Viral Perayaan Idul Fitri Jamaah Masjid Aolia Gunung Kidul, Begini Respon MUI!

Tanggapan Prof. KH Asrorun Ni'am Sholeh, Ketua MUI Bidang Fatwa terhadap Praktik Keagamaan Jamaah Aolia

Beredar di media tentang ribuan Jamaah Masjid Aolia yang telah merayakan Idul Fitri 1445 Hijriah lebih awal pada Jumat (5/4/2024). Hal tersebut menjadi heboh dan kontroversi tersendiri.

Kontroversi Penentuan Hari Raya Idul Fitri atas Dasar Telah "Menelepon Allah"

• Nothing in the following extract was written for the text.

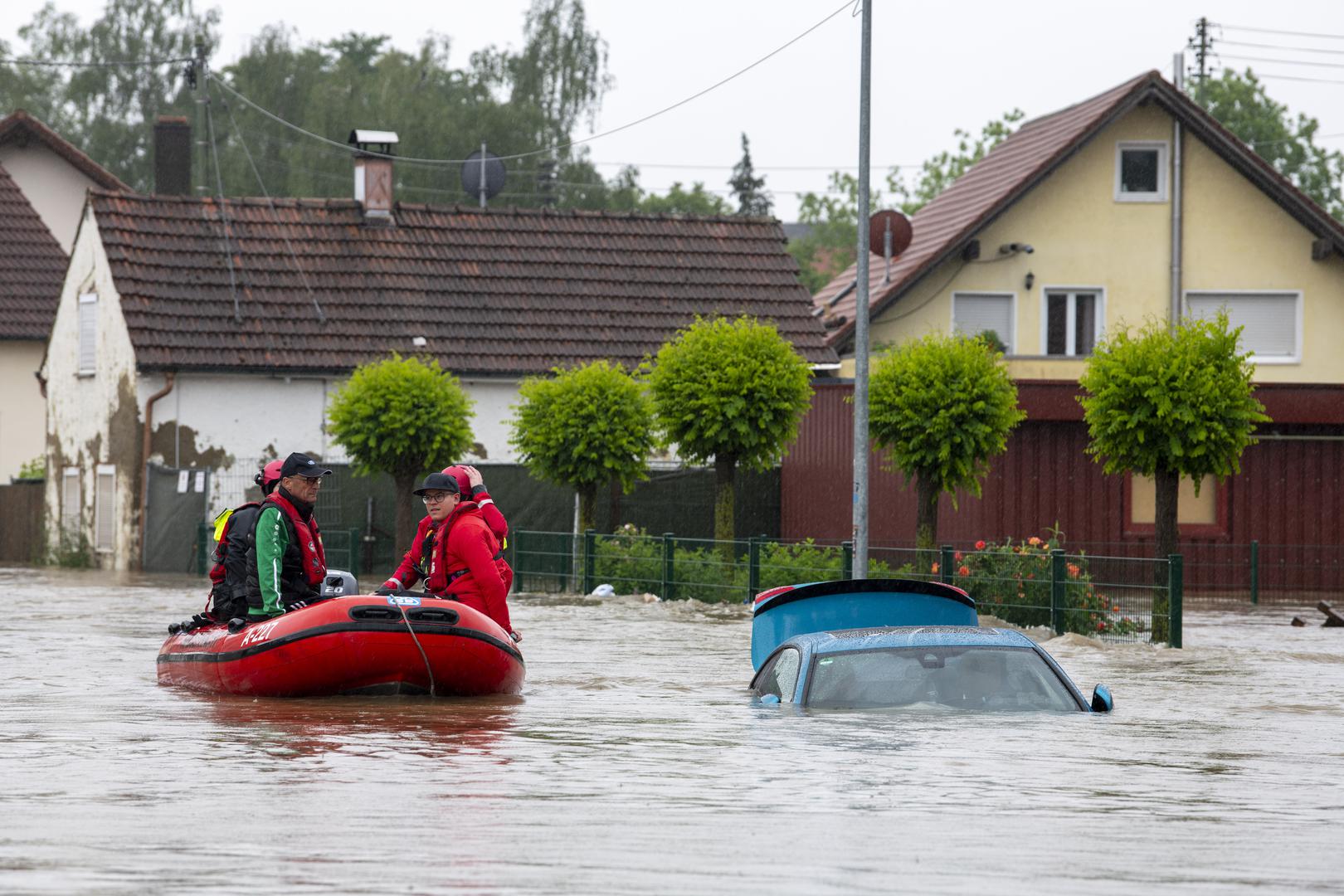 Zbog velikih poplava u Babenhausenu u Unterallgäuu su helikopterima evakuirali stanovnike. Bavarski Crveni križ spasio je dvoje ljudi s krova njihove kuće. Oni su se nalazili u životno opasnoj situaciji, rekao je glasnogovornik. Ostali stanovnici evakuirani su čamcima.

Perayaan Idul Fitri yang viral baru-baru ini, ditandai dengan pelaksanaan Shalat Idul Fitri di beberapa tempat di Giriharjo, Kecamatan Panggang, Kabupaten Gunungkidul, Daerah Istimewa Yogyakarta. 

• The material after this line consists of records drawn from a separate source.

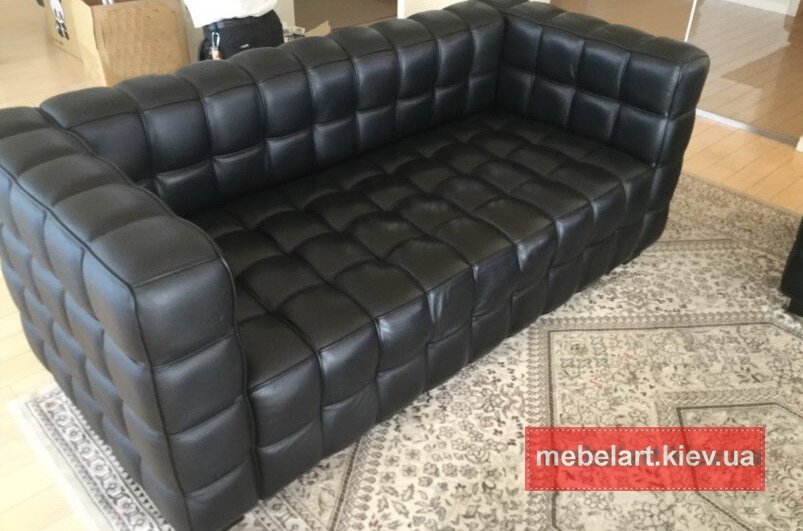 черный уникальный диван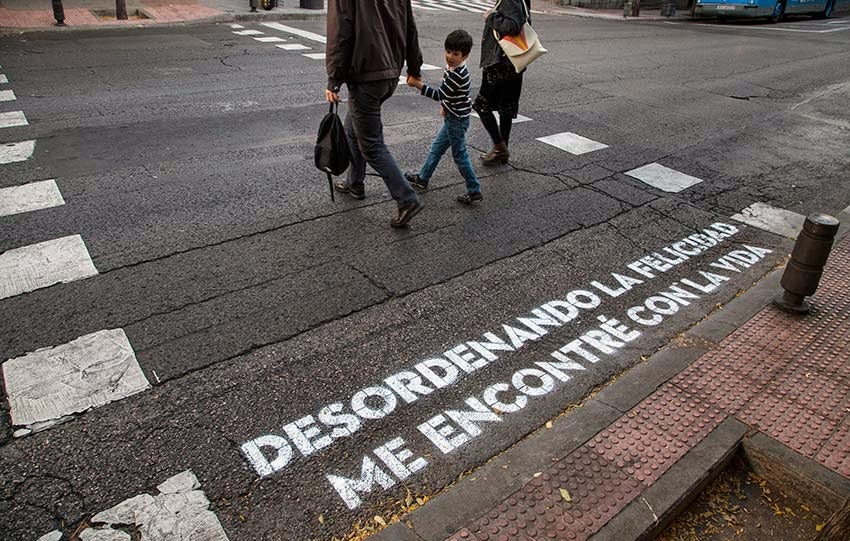 'Desordenando la felicidad, me encontré con la vida' es una de las frases que formó parte de la iniciativa 'Madrid te comería a versos', de Boa Mistura, con fragmentos de canciones de Leiva y Rayden.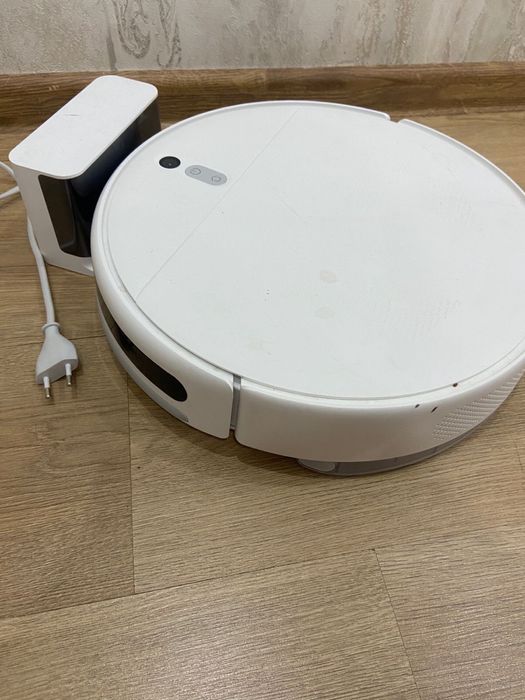 Продается роботпылесос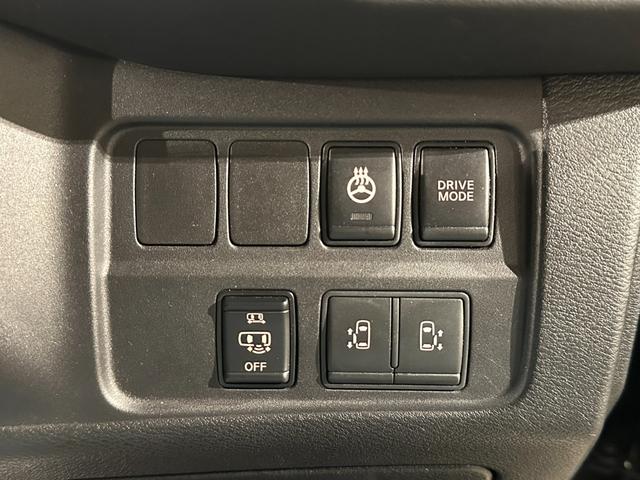 セレナ e-パワー ハイウェイスター 純正9インチナビ/TV/CD/DVD/Bluetooth アランドビューモニター ETC 純正後席モニター シート&ステアリングヒーター クルコン LEDライト フォグライト(60枚目)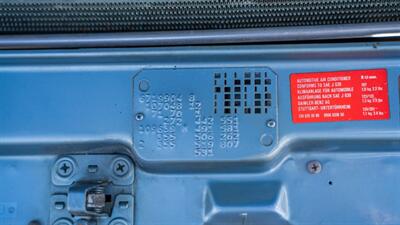 1987 Mercedes-Benz 560 SL   - Photo 38 - Boca Raton, FL 33432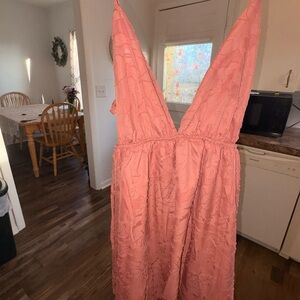 Chic Pink V-Neck Dress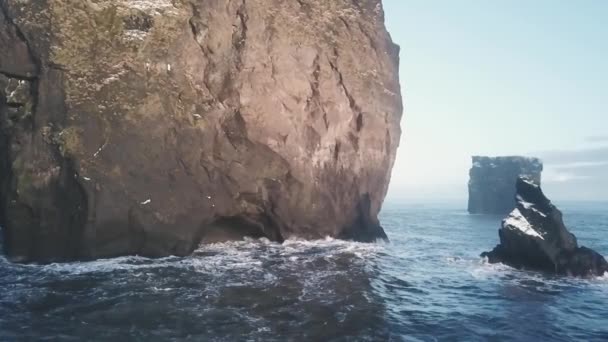 Vue Aérienne Grandes Formations Roche Océan Jour Islande — Video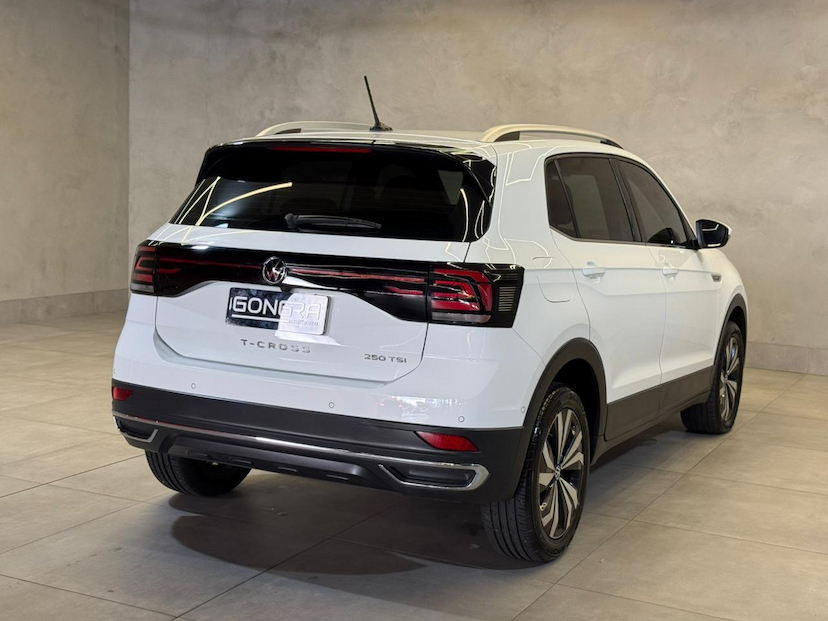 Foto do veículo VOLKSWAGEN T-CROSS T CROSS HL TSI 2024 56.800 KM 129.900,00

Shalat didirikan di Masjid Aolia dan kediaman Pimpinan Jamaah Masjid Aolia di Dusun Panggang III, Giriharjo. Mbah Benu yang bernama lengkap Raden Ibnu Hajar Pranolo sebagai pimpinan, mengungkapkan bahwa penentuan 1 Syawal didasarkan pada keyakinannya sendiri dan menyatakan bahwa dirinya telah “Menelepon Allah” perihal malam 30 Ramadan bertepatan pada Kamis (4/4/2024).

Mbah Benu juga mengeklaim dirinya sebagai pemimpin Jamaah Aolia telah mempunyai pengikut yang tersebar di berbagai Provinsi di Indonesia; mulai dari Kalimantan, Sulawesi, Papua, dan bahkan sampai luar Negeri.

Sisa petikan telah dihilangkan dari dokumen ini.